_THE TASK_.
The reply should reproduce every line of the data below word for word, minus any images.

_DATA EXTRACT_.
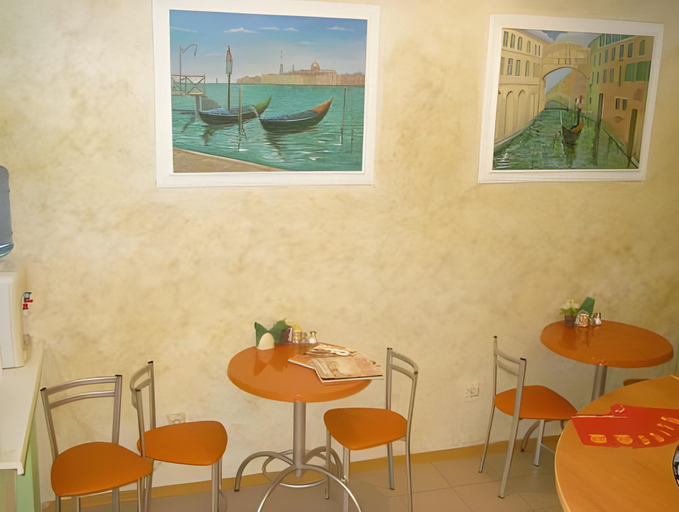 Food & Drinks, Amadeo by Friends, Sankt-Peterburg gorsovet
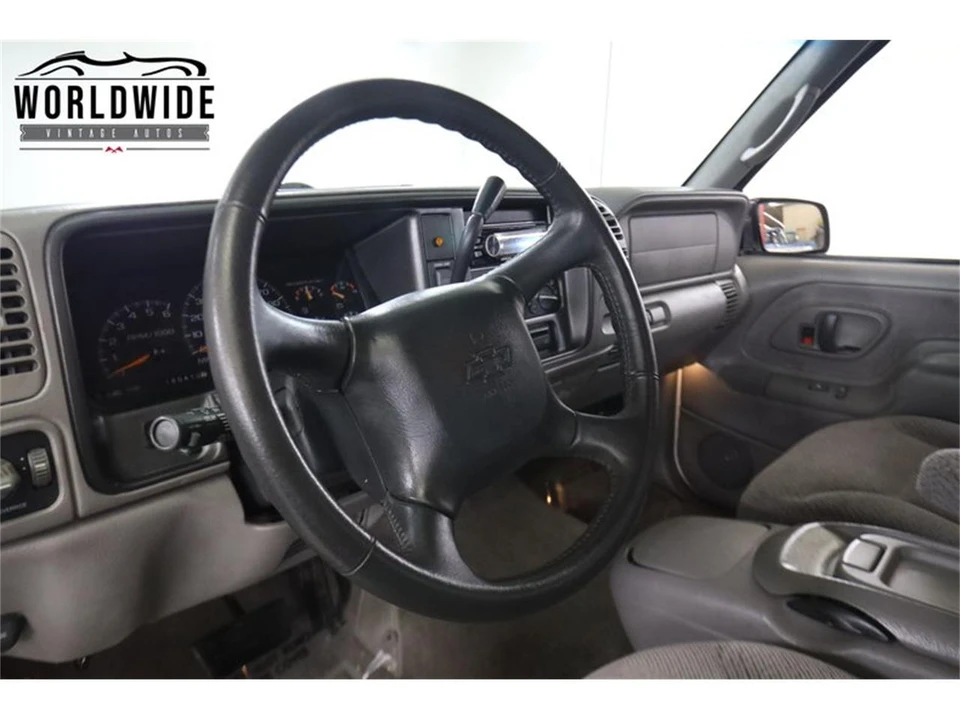 1998 Chevrolet Silverado - Image 26 of 31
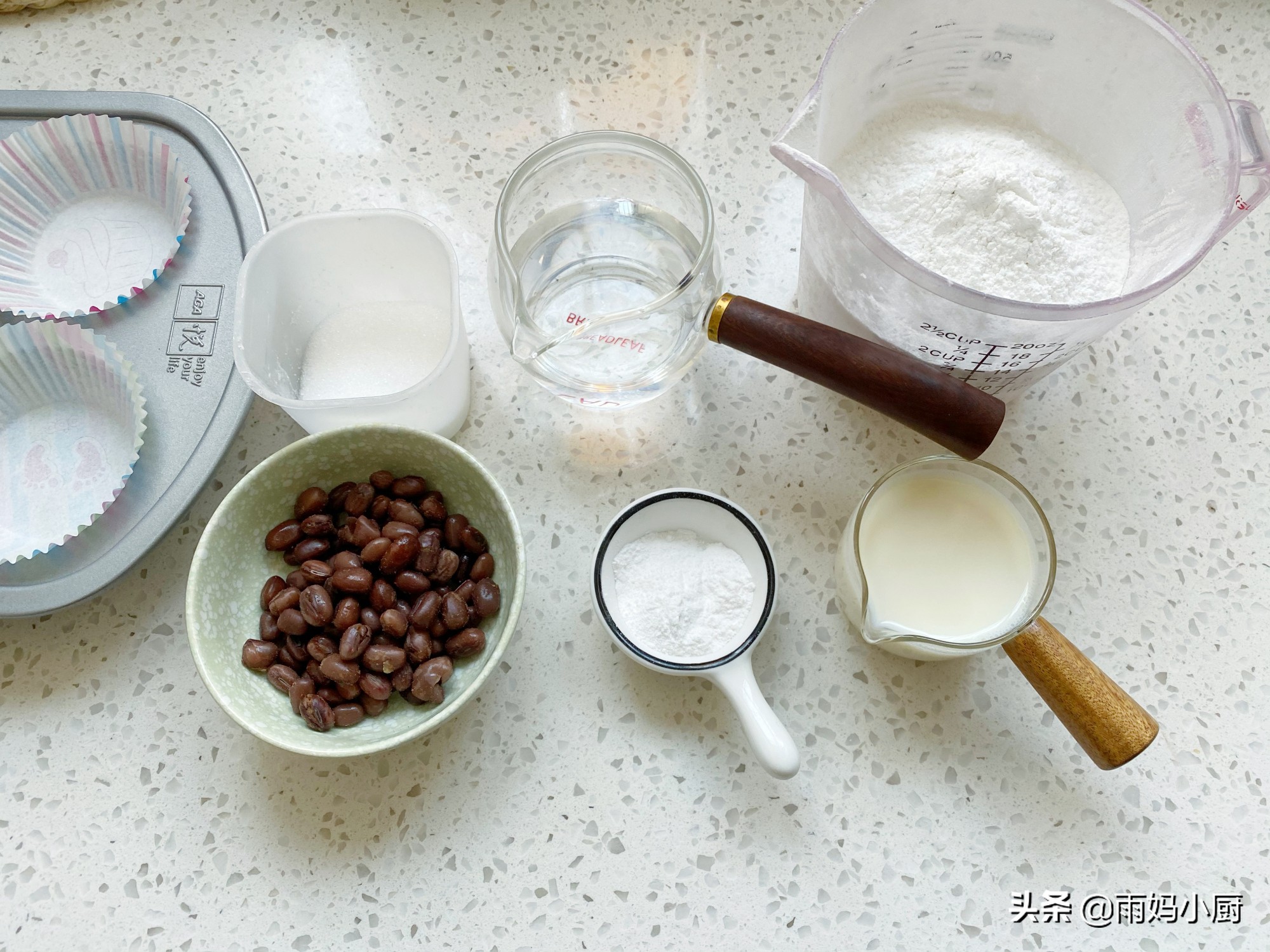 教你制作米糕鲜软香甜孩子最爱,500克大米粉做米糕要怎么配水和糖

_WRITTEN ANSWER_.
 Food & Drinks, Amadeo by Friends, Sankt-Peterburg gorsovet
 1998 Chevrolet Silverado - Image 26 of 31
 教你制作米糕鲜软香甜孩子最爱,500克大米粉做米糕要怎么配水和糖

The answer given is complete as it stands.